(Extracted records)
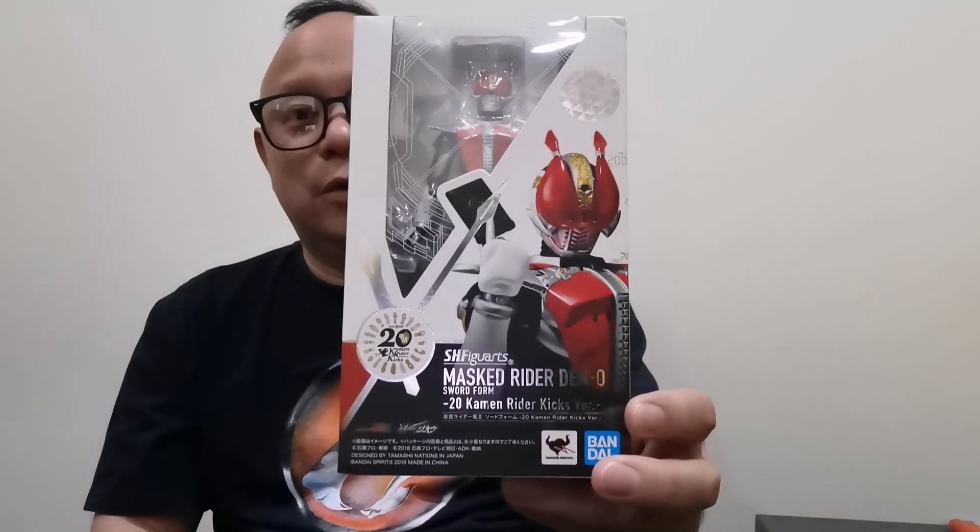What I want to show you guys today is my earliest Heisei Kamen Rider, which is Kamen Rider Den-O. What I have is the 20 Kicks version, which is an updated version from the original figure line.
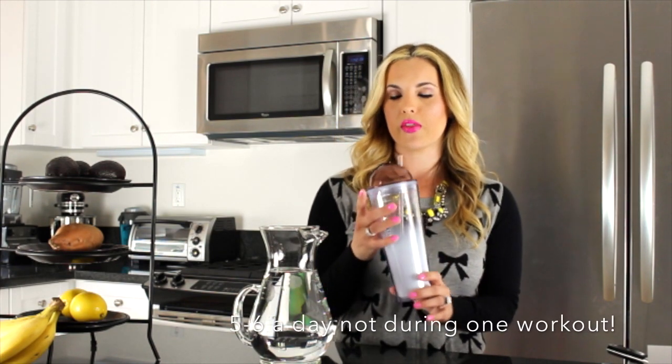Usually first thing in the mornings I will wake up and fill this container full of water and it helps me drink. I drink about five to six of these a day. This is a water recyclable container from Starbucks — maybe it's just because it's Starbucks that I like to drink it. I do fill this up first thing in the morning right when I'm going to work out. I try to get in a little bit more but this usually helps me gauge what I'm drinking.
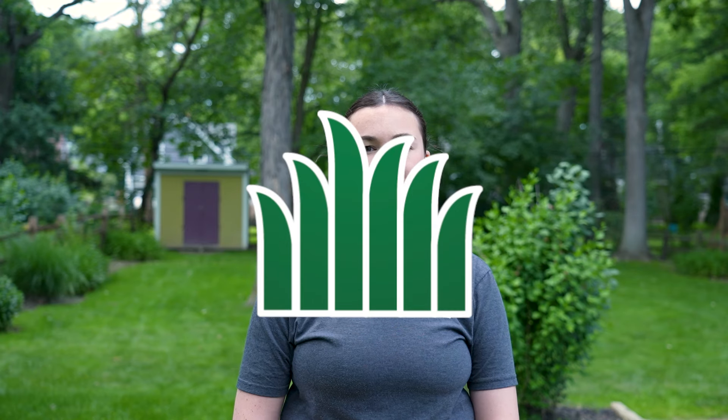We are really proud of our results so far. Make sure to check out our next video to see our weed-free lawn. For more tips and tricks and to shop our products, visit AndersonsHomeandGarden.com.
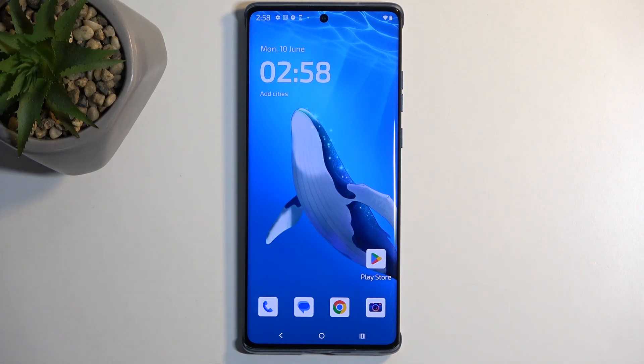Welcome — in front of me is a Motorola Edge 50 Fusion and today I will show you how we can enable your power saving mode on this phone.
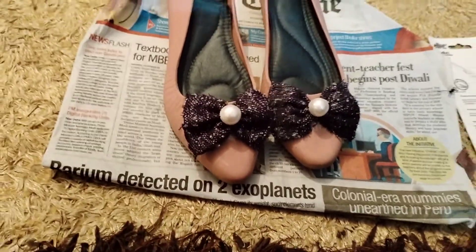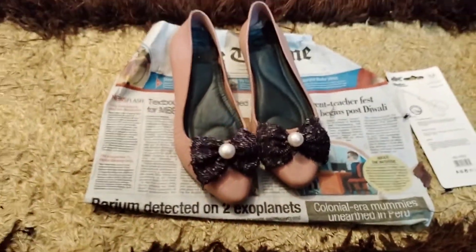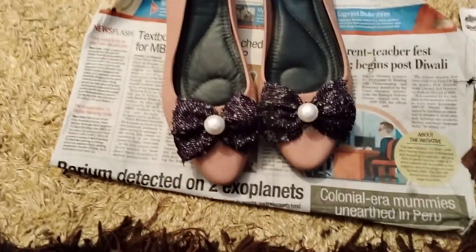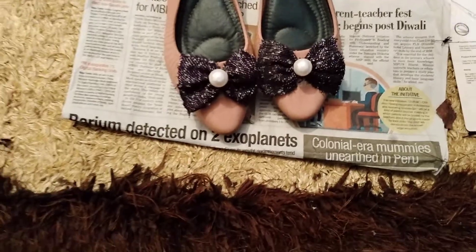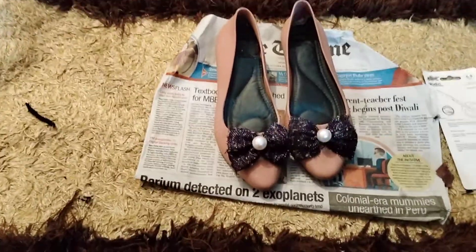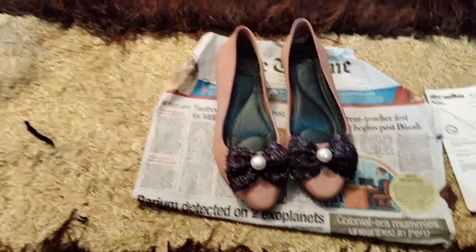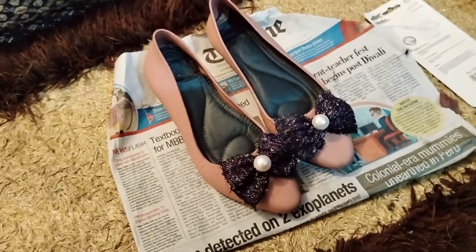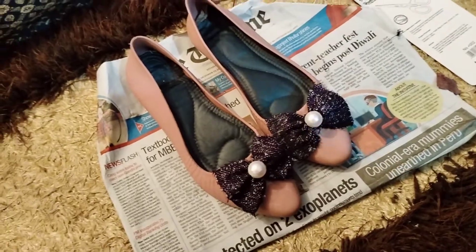Hello friends, as you can see, I have converted my old shoes into this beautiful Cinderella bellies. If you also want to do this with your old shoes, you have to check my YouTube account. And if you like my Cinderella bellies, please let me know on WhatsApp.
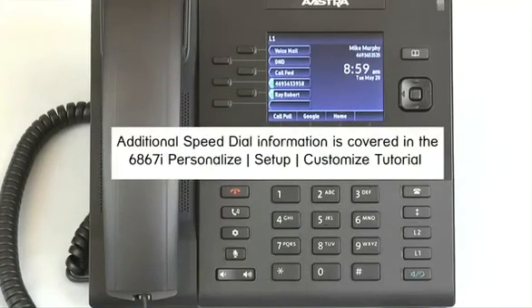Additional information on speed dial is available in a separate tutorial titled 6867i Personalize, Setup, and Customize.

What needs to be done:
Your answer must be an exact copy of the lines from the line with "We are really" to the final line of the data, both ends included, and no pictures.

Exercise solution:
We are really proud of our results so far. Make sure to check out our next video to see our weed-free lawn. For more tips and tricks and to shop our products, visit AndersonsHomeandGarden.com.
Welcome — in front of me is a Motorola Edge 50 Fusion and today I will show you how we can enable your power saving mode on this phone.
Hello friends, as you can see, I have converted my old shoes into this beautiful Cinderella bellies. If you also want to do this with your old shoes, you have to check my YouTube account. And if you like my Cinderella bellies, please let me know on WhatsApp.
Additional information on speed dial is available in a separate tutorial titled 6867i Personalize, Setup, and Customize.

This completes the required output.